On one occasion she returned home from her first job to find a father from the neighborhood sitting in the living room with her mother. “Show him your paystub,” Trejo recalled her mother saying. “I thought it was a joke, but she was serious, so I got it and showed him. And my mother said, ‘If my daughter can make this kind of money, imagine what your son can do.’ She was playing off his machismo.” Trejo helped his son with his college applications, and he went on to become a chemical engineer. His is just one success story from the mentoring Trejo has done over the years.
Driving real world, macro-level change
One of the attractions to the DSW program for Trejo was that it is an applied degree with a pragmatic focus but entrenched in cutting-edge theory that made an immediate impact on her real-world job performance.
“The fact that the program is imbedded in a contemporary, macro social problem-thinking structure is powerful and important. The challenges are very exciting because they’re real,” said Trejo. “It’s about polishing ourselves as professionals and elevating the level of our work, and what, in turn, we give back to the communities we are so passionate about. It really does elevate how you think, how you approach, and how you problem solve.”

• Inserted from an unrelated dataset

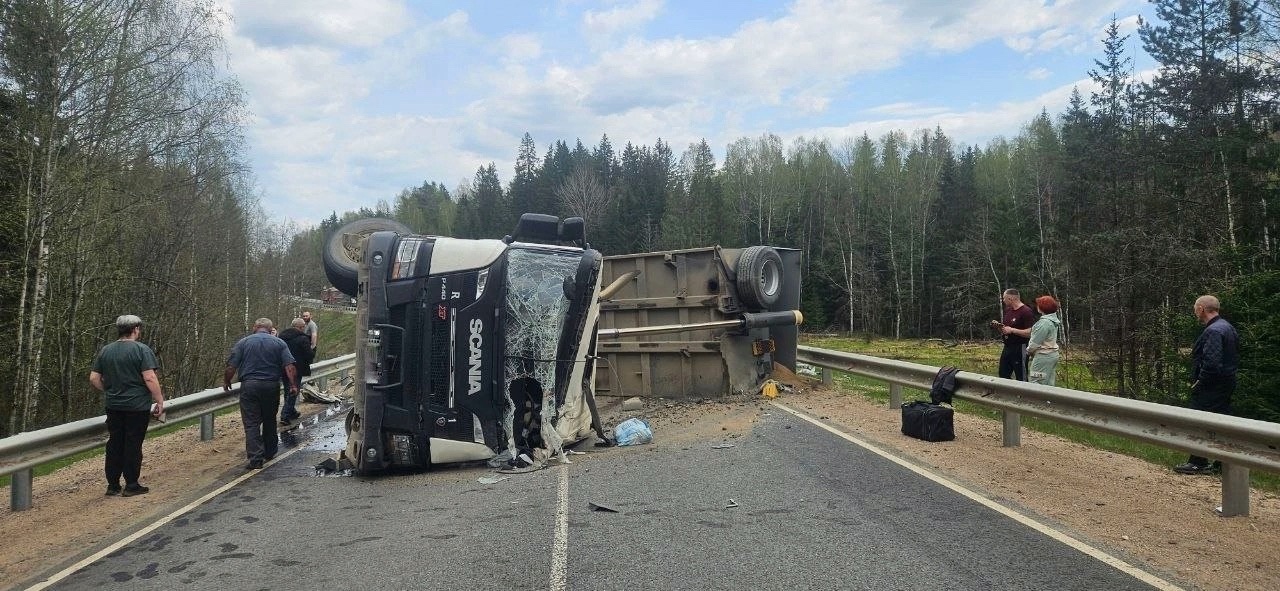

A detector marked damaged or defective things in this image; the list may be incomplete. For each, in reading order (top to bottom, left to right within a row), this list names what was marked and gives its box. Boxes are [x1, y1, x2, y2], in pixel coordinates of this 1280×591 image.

Because of her long experience in city government advocating for older adults, Trejo was able to work with Los Angeles Mayor Eric Garcetti and his office to launch her capstone project, called Interconnected, first as part of the mayor’s policy addressing economic insecurity and now as an official program of the City of Los Angeles under the Department of Aging. She has been able to make a meaningful and immediate difference in the lives of the older adults experiencing homelessness, whose unmet needs were her inspiration to pursue her DSW. She is currently exploring opportunities to expand the program beyond this initial implementation for even wider community impact.

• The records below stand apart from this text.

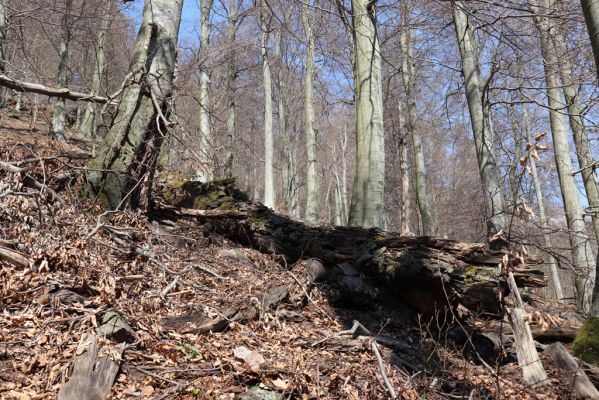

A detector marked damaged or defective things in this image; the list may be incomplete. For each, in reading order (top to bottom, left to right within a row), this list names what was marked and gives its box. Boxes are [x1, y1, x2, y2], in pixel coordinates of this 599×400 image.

broken wood piece [0, 245, 30, 268]
broken wood piece [97, 310, 136, 344]
broken wood piece [506, 272, 548, 384]
broken wood piece [58, 334, 125, 400]
broken wood piece [544, 340, 599, 400]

Looking back on her decision to go “all in” to attend USC, and then come back again and again to build on what she started, Trejo has no regrets. “I’ve always made decisions based on my passions, I’m that kind of person. I’ve always known where I stand very clearly. Being at USC has been inspiring and enlightening,” Trejo said. “The DSW provided me the freedom to explore my interest in aging, homelessness and economic insecurity. I would do it over again and twice on Sunday.”